> [Image-text web data]:
------------------------

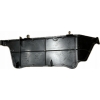 BMW 1 F21 KRZTAŁTKA SŁUPKA B LEWA WEWNĘTRZNA 7265799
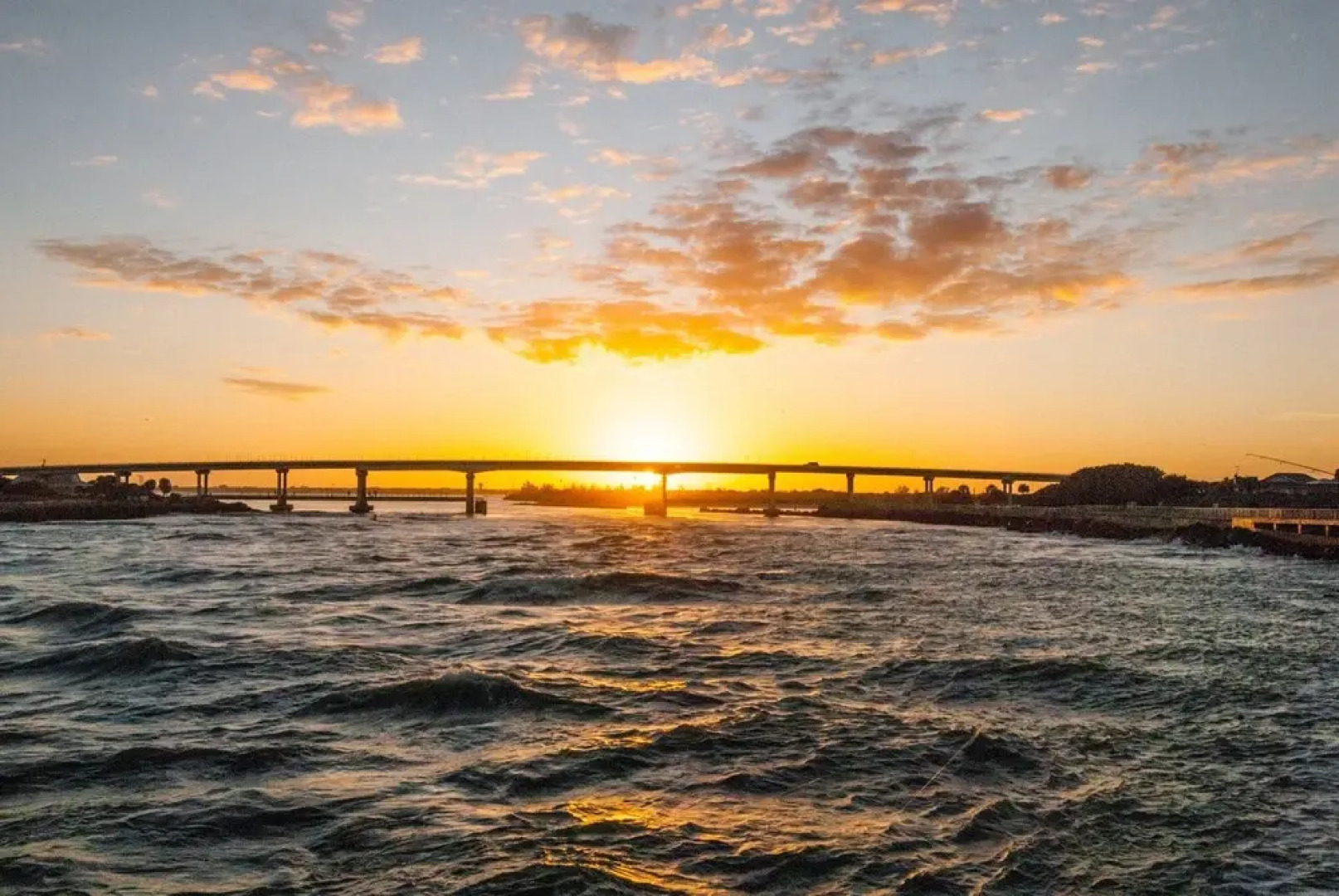 114 Mediterranean Way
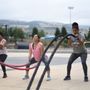 Photo of FIT Boot Camps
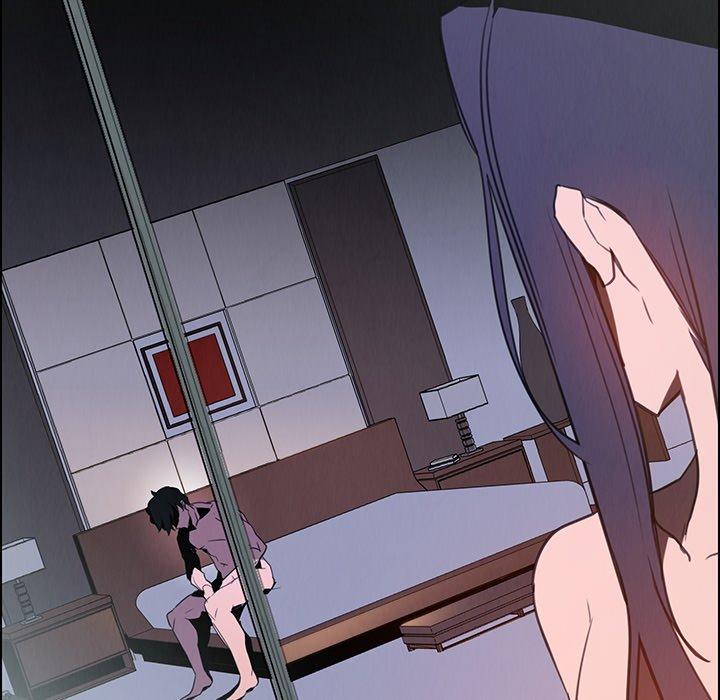 雨声的诱惑[h漫]韩漫全集-雨声的诱惑-第 38 话无删减无遮挡章节图片 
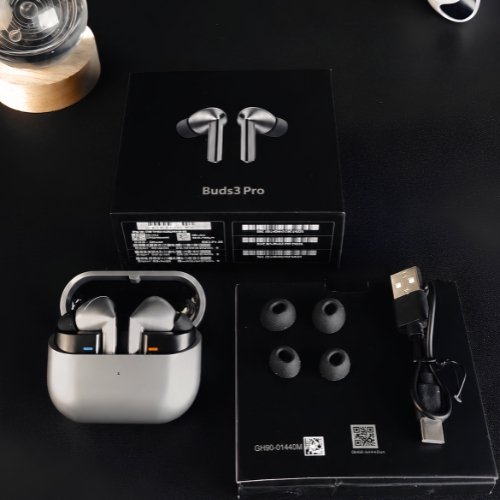 product side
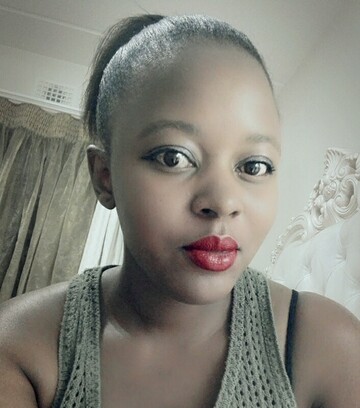 T-gal4, 36 Midrand, Gauteng, South Africa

------------------------

Your response should consist solely of the lines from the line with "Photo of FIT Boot Camps" through the last line of the entries above, printed exactly and without pictures.

 Photo of FIT Boot Camps
 雨声的诱惑[h漫]韩漫全集-雨声的诱惑-第 38 话无删减无遮挡章节图片 
 product side
 T-gal4, 36 Midrand, Gauteng, South Africa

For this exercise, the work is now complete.